PUBLICADO EM 20/08/2025 - 11:02
Na manhã de sexta-feira, 15 de agosto, foi realizada no plenário da Câmara de Vereadores de São Borja a audiência pública da Comissão Parlamentar de Inquérito (CPI) que apura possíveis irregularidades nos serviços de água e saneamento prestados pela empresa Aegea/Corsan no município. O encontro contou com a presença de dois denunciantes, que contribuíram com informações relevantes para as investigações.
Participaram da audiência os vereadores membros da CPI: o presidente Paulo Cesar Ribas Lopes (Cardeal – PP), o relator Matteus Bronzoni (PDT), e os integrantes Lu Bidinoto (PRD) e Paulo “Orelha” (PT), além do presidente da Câmara, João Carlos Reolon, o vice-presidente Lindolfo Hardt e o vereador Djalma Júnior (PDT). A expectativa era pela presença de representantes da Corsan, o que não ocorreu.
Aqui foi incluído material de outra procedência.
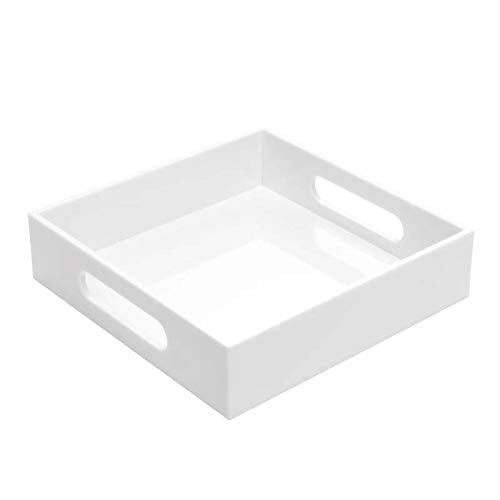 Kevlang White Sturdy Acrylic Tray With Handles-8X8 Inch- Countertop Organizer Tray For Kitchen,Bathroom,Office- Storage Box For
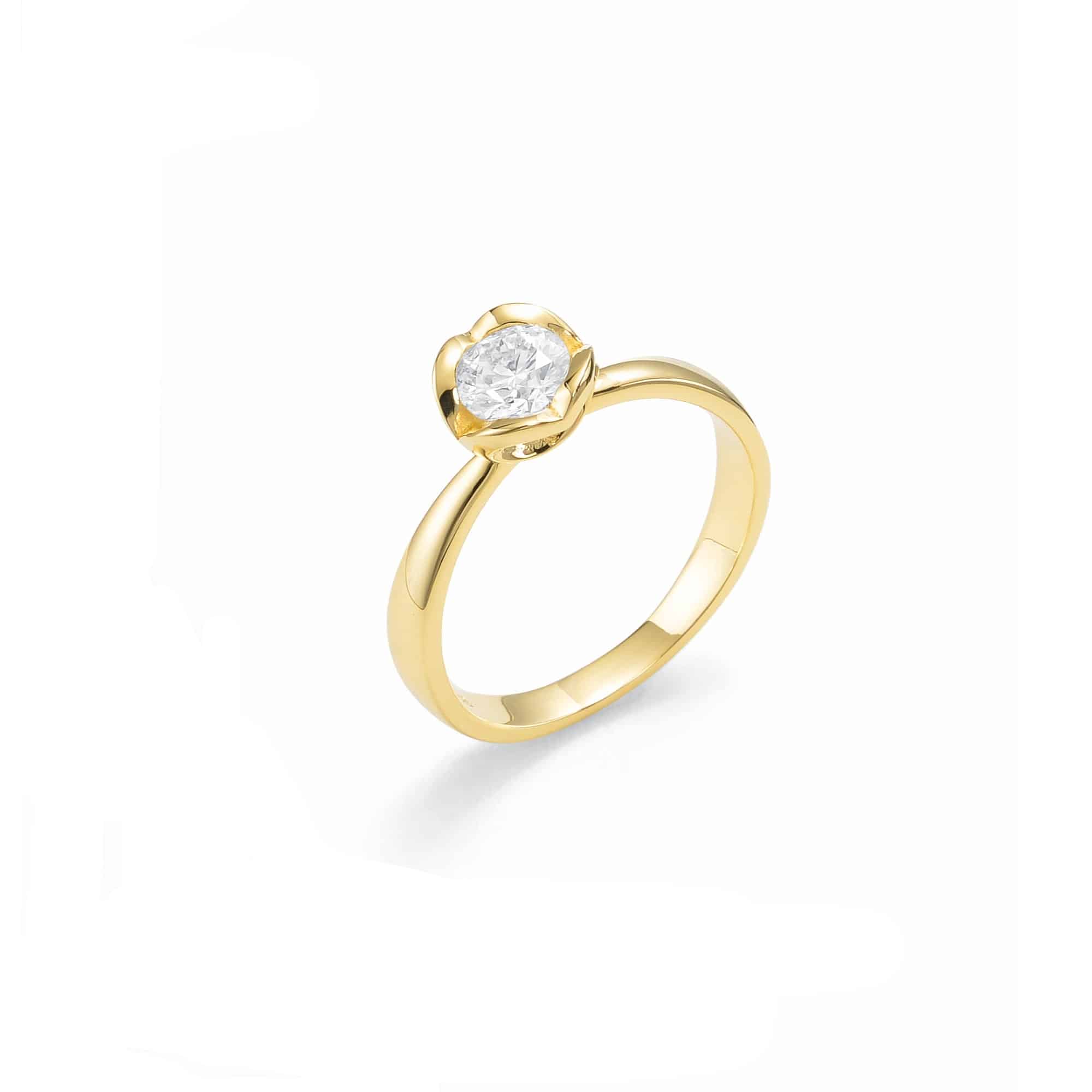 Silhouette Solitære Heart Ring 14 Karat Med 0,50ct Brillant River(E)/SI2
Em resposta enviada por e-mail à comissão, a empresa alegou ausência de tempo hábil para realizar o mapeamento do esgoto como justificativa.
Durante a audiência, o presidente da CPI destacou uma das irregularidades apuradas: a cobrança indevida de consumo, decorrente da entrada de ar nas tubulações quando o abastecimento é interrompido. Segundo ele, ao retornar o serviço, o ar é contabilizado pelos hidrômetros como se fosse água, onerando injustamente os consumidores.
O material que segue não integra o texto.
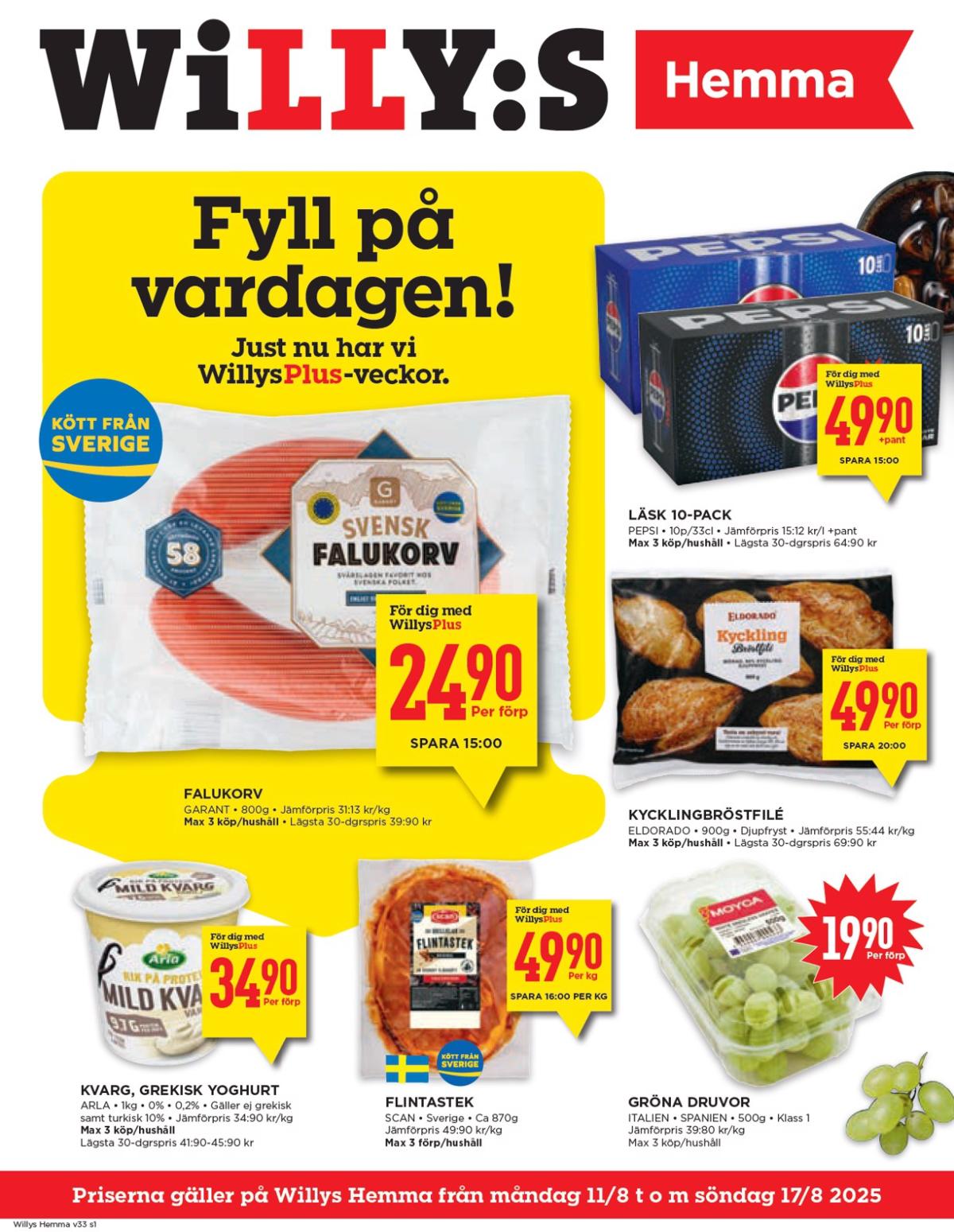 Willy's - Hemma-reklambladet giltigt från 11/08 - 17/08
Desde o início dos trabalhos, a CPI tem analisado documentos, colhido depoimentos e reunido provas que apontam falhas nos serviços prestados. A próxima etapa será a quantificação dos prejuízos causados à população. O relatório final será encaminhado a órgãos de fiscalização e defesa do consumidor, como AGERGS, AGESAN e Procon. Havendo indícios de crime, o documento poderá ser enviado ao Ministério Público para possível investigação criminal.
A Câmara reafirma seu compromisso com a transparência e a defesa do interesse público, atuando como instrumento de fiscalização em benefício da população. A comunidade aguarda agora a apresentação do relatório final, que trará a dimensão do problema e as providências a serem tomadas.